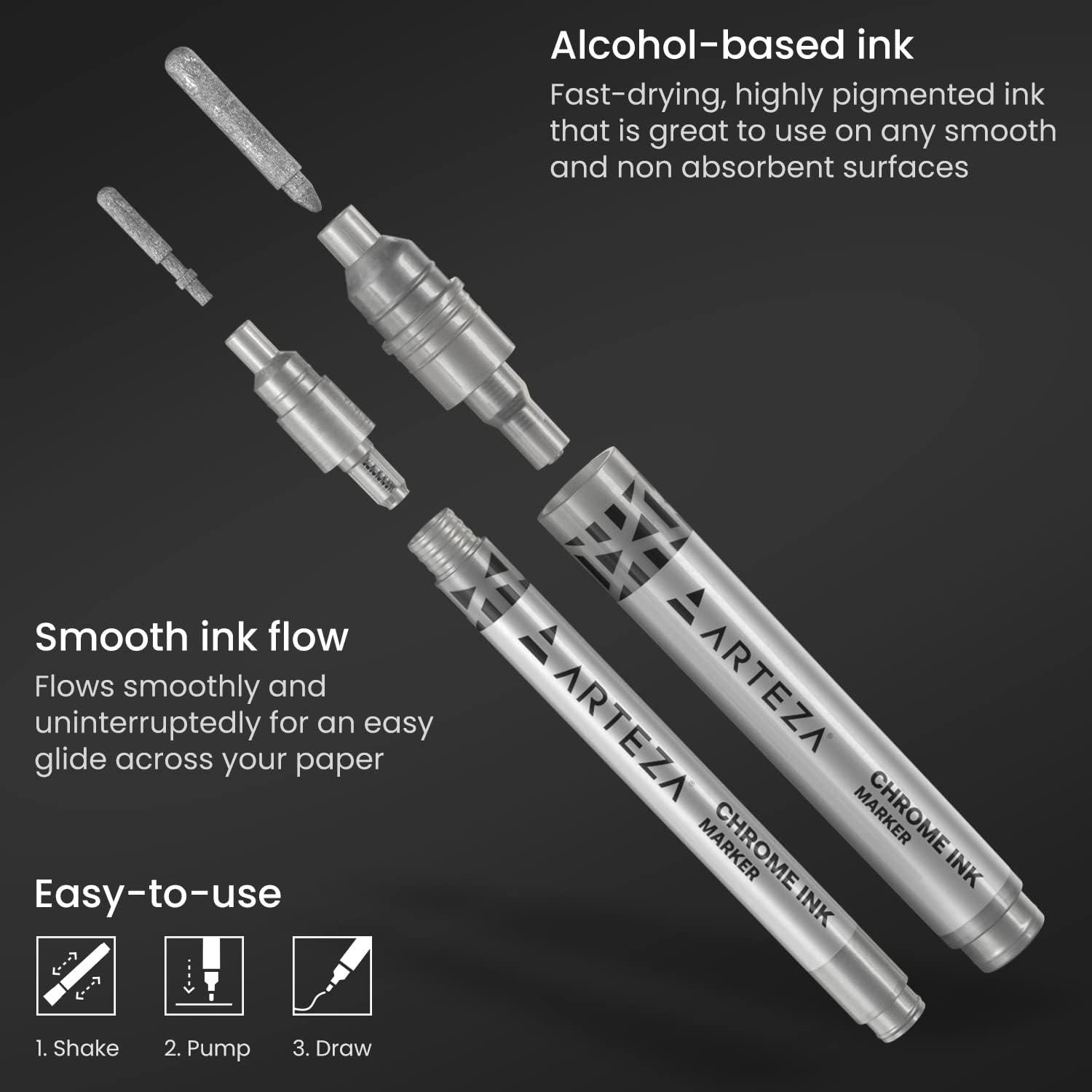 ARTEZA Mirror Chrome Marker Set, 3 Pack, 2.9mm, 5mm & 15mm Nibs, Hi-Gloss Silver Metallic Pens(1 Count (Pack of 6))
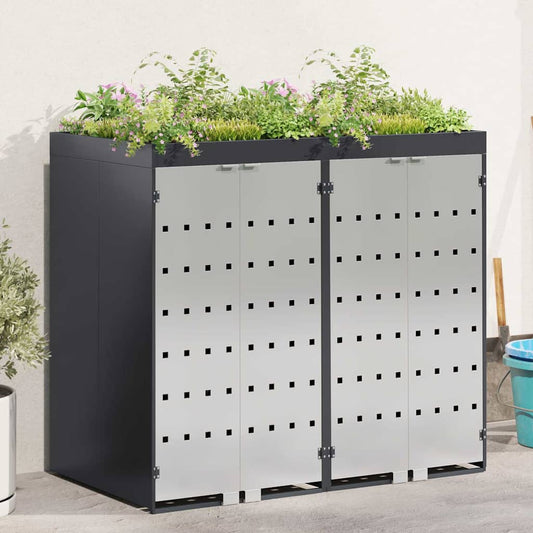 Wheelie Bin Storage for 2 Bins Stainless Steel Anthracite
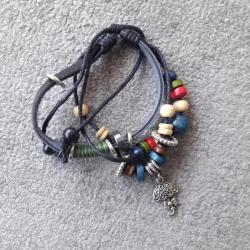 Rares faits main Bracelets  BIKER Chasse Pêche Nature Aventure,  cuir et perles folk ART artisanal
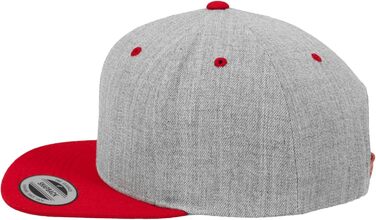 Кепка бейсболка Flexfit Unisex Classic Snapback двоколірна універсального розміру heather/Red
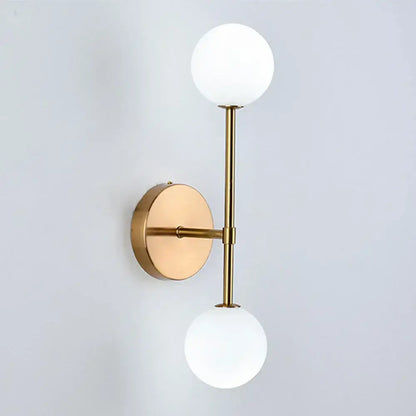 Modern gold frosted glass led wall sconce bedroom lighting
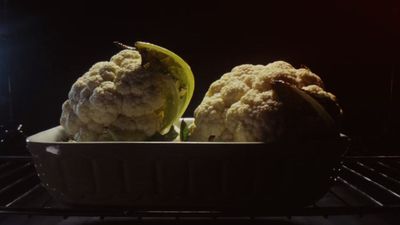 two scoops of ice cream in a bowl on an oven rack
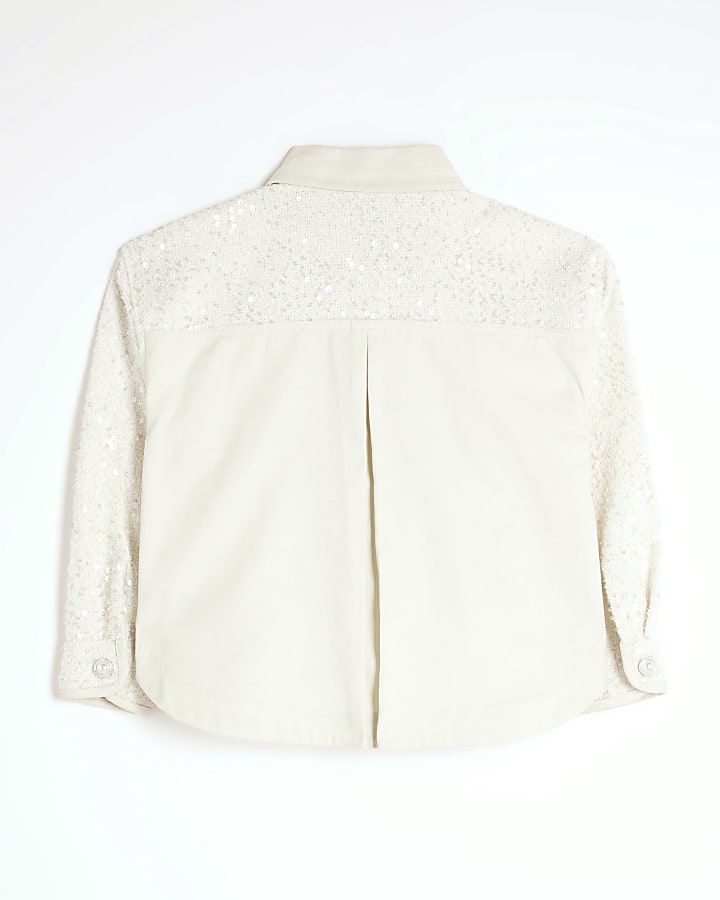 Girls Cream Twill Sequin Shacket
◆ ◆ ◆
Problem description:
Please print an exact copy of the records, with no pictures.

Exercise output:
 ARTEZA Mirror Chrome Marker Set, 3 Pack, 2.9mm, 5mm & 15mm Nibs, Hi-Gloss Silver Metallic Pens(1 Count (Pack of 6))
 Wheelie Bin Storage for 2 Bins Stainless Steel Anthracite
 Rares faits main Bracelets  BIKER Chasse Pêche Nature Aventure,  cuir et perles folk ART artisanal
 Кепка бейсболка Flexfit Unisex Classic Snapback двоколірна універсального розміру heather/Red
 Modern gold frosted glass led wall sconce bedroom lighting
 two scoops of ice cream in a bowl on an oven rack
 Girls Cream Twill Sequin Shacket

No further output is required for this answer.